Bei finanziellen Angelegenheiten spielt für deutsche Konsumenten Vertrauen immer noch die größte Rolle

Was die Nutzung neuer Technologien bei der Inanspruchnahme finanzieller Dienstleistungen angeht, sind Verbraucher in Deutschland deutlich zurückhaltender als im Rest Europas. Während die Verbreitung von Smartphone, Tablet, Smartwatch & Co. annähernd auf dem gleichen Niveau liegt wie im europäischen Durchschnitt, sind die Banking-Nutzungsraten dieser Geräte deutlich niedriger. Dies ist eines der Ergebnisse einer Umfrage der ING-DiBa in 13 europäischen Ländern sowie Australien und den USA.

Deutsche Konsumenten, die keine Mobile-Banking-Dienstleistungen nutzen, geben als Grund dafür zu 68 % an, dass ihnen das Vertrauen in die Sicherheit der Technologie fehlt – ein höherer Wert als in jedem anderen Land der Umfrage. Auch wenn die Deutschen also die Annehmlichkeiten neuer Technologien ebenso zu schätzen wissen wie ihre europäischen Nachbarn, tun sie sich doch schwerer als viele andere damit, dieser Technik ihre finanziellen Angelegenheiten anzuvertrauen. Dies passt zu den Ergebnissen unserer letzten Studie „Cash bleibt doch King“, in der die Vorliebe deutscher Verbraucher für Bargeldzahlungen vor allem auf ein mangelndes Vertrauen in die technischen Alternativen zurückgeführt werden konnte.

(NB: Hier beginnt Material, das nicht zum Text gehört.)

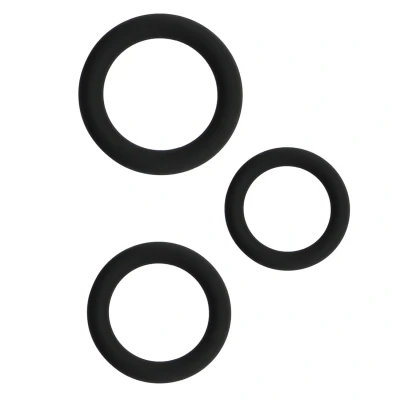 Afbeelding van Penis Ringen Mannen Cockring Man Penisring Siliconen Set Extra Flexibel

Das Vertrauen der Deutschen in ihre Banken hingegen scheint ungebrochen zu sein, allen Diskussionen um niedrige Zinsen und hohe Gebühren zum Trotz: Auf der Suche nach verschiedenen neuen Finanzdienstleistungen wäre für 54 bis 64 % ihre Hausbank die erste Anlaufstelle – andere Banken kommen hier auf 5 bis 11 %, namhafte Drittanbieter wie beispielsweise Apple oder Google nur auf 4 bis 7 %. In der Diskussion um „Fintechs“ und Umbrüche im Finanzsektor scheinen Banken durch den Vertrauensvorsprung momentan noch die Nase vorn zu haben.